TEMPO.CO, Jakarta-Terduga teroris pembacok anggota Kepolisian Sektor Wonokromo, Surabaya, Imam Musthofa, mensurvei sejumlah lokasi sebelum melakukan penyerangan. Polisi mengatakan dia sempat berpura-pura melaporkan kehilangan untuk mengetahui kondisi di kantor polisi itu.
"Dia melakukan mapping ke beberapa sasaran," kata Kepala Biro Penerangan Masyarakat Divisi Humas Polri Brigadir Jenderal Dedi Prasetyo di kantornya, Jakarta, Senin, 19 Agustus 2019.
Dedi mengatakan Imam adalah lone wolf alias teroris yang tidak terafiliasi dengan jaringan teror.

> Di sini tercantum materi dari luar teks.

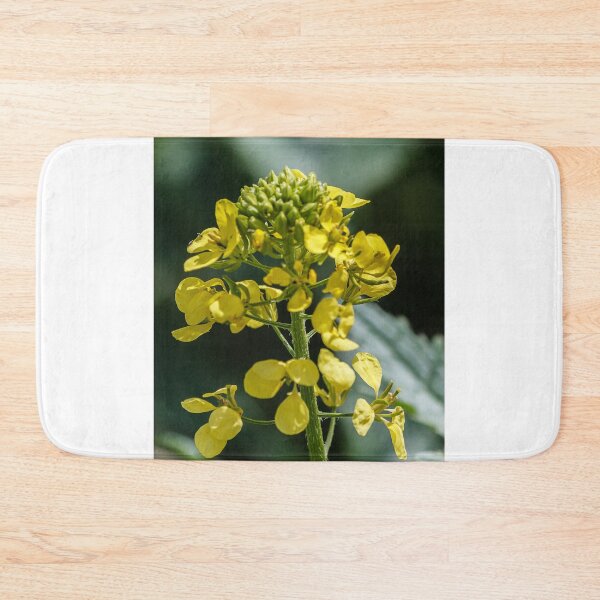 Item preview, Close-Up Of Yellow Mustard Flower Blooming On Green Stem In Soft Bokeh Background designed and sold by Nmallia.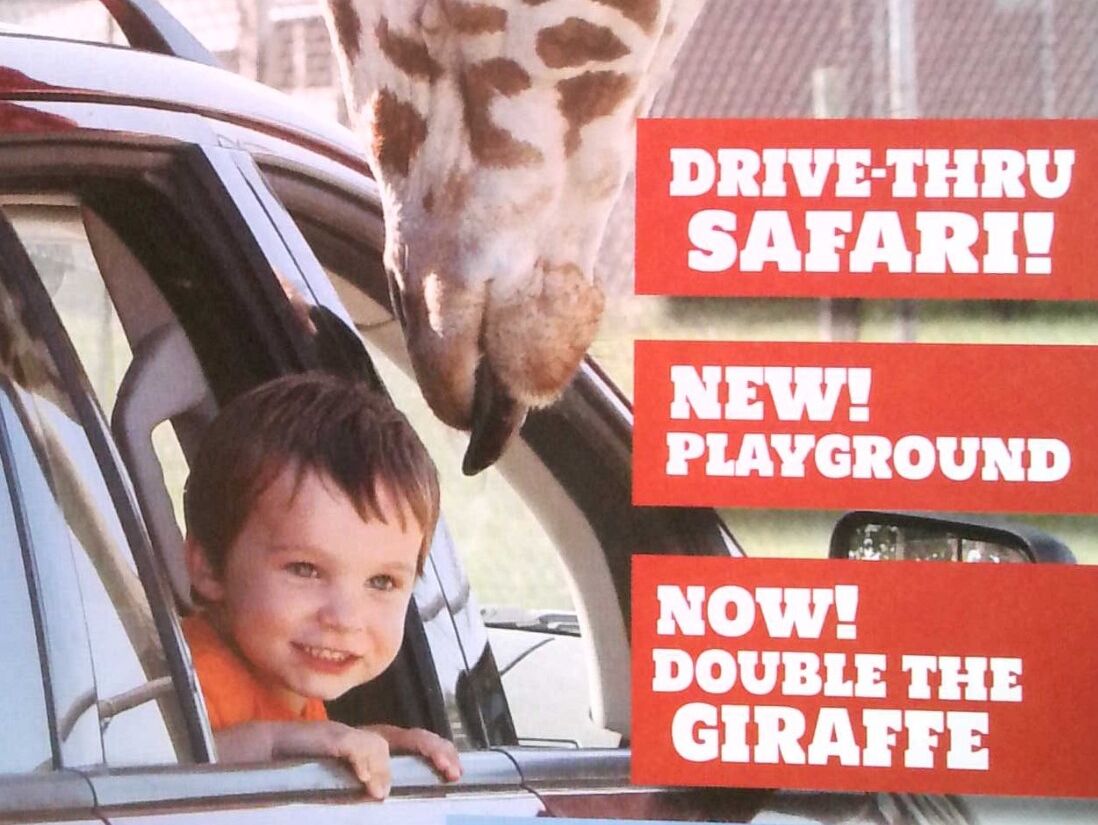 Picture of African Safari Wildlife Park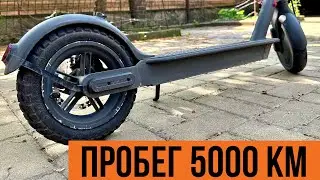 Xiaomi M365 пробег 5000 км. Что случилось с электросамокатом?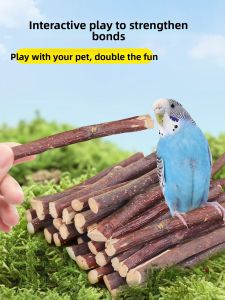 VOA | Entertainment Chewing Stick For Birds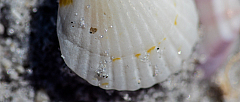 20160811103642 016778
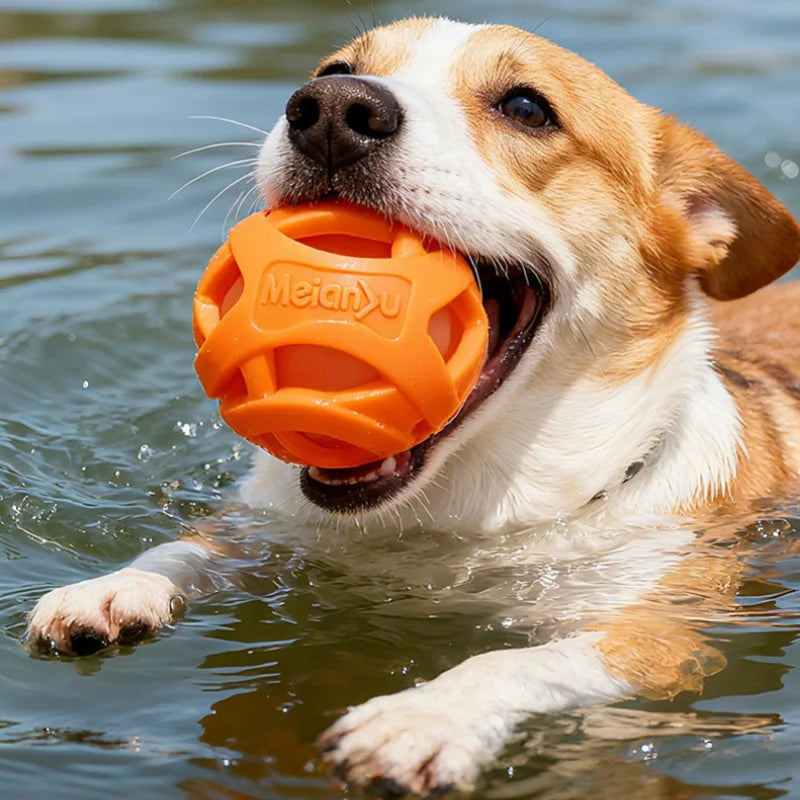 Dog Chew Ball Rubber Teeth Cleaning Molar Toy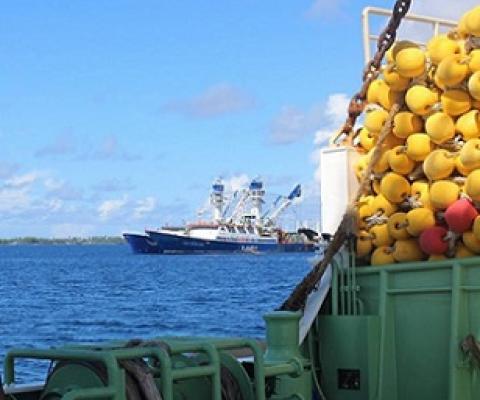 The PNA system of fisheries and ocean governance may also be used as an inspiration for the conservation of the high seas, the areas outside Exclusive Economic Zones. Photo © PNA Secretariat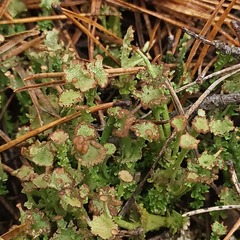 Cladonia gracilis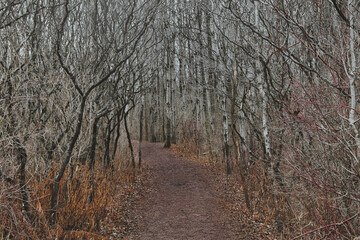 Winter landscape of a hiking trail passing through a forest of bare trees, including birch trees, at Lion's Den Gorge, near Grafton, Wisconsin.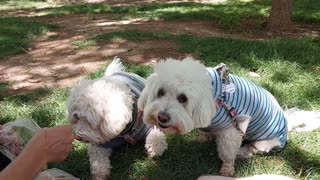 Dogs eating lunch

Imam mempelajari terorisme melalui video yang diakses di internet, salah satunya video pentolan teoris Aman Abdurrahman.
Sebelum melakukan aksinya, Imam berkeliling mencari calon sasaran. Dia mengamati keberadaan polisi lalu lintas dan sejumlah Polsek. Ia diduga sempat memilih perayaan 17 Agustus di Gedung Grahadi, Surabaya. Namun, ia mengurungkan niat karena penjagaan yang ketat.
Di Polsek Wonokromo, Imam datang sebanyak dua kali. Sehari sebelumnya, ia berpura-berpura melaporkan suatu kasus hanya untuk mengetahui kondisi di dalam Polsek itu. Ia diduga sengaja tak membawa identitas, sehingga keesokan harinya mesti kembali ke kantor itu.
Setelah melakukan survei, Dedi mengatakan Imam pergi ke pasar. Dia membeli pisau, celurit, ketapel dan kelereng. Esok harinya, ia kembali ke Polsek pura-pura melaporkan kehilangan. Sekitar pukul 17.00 WIB, Imam melakukan pembacokan kepada dua petugas jaga. Serangan itu membuat kedua polisi terluka. Sementara, Imam ditangkap dalam keadaan hidup.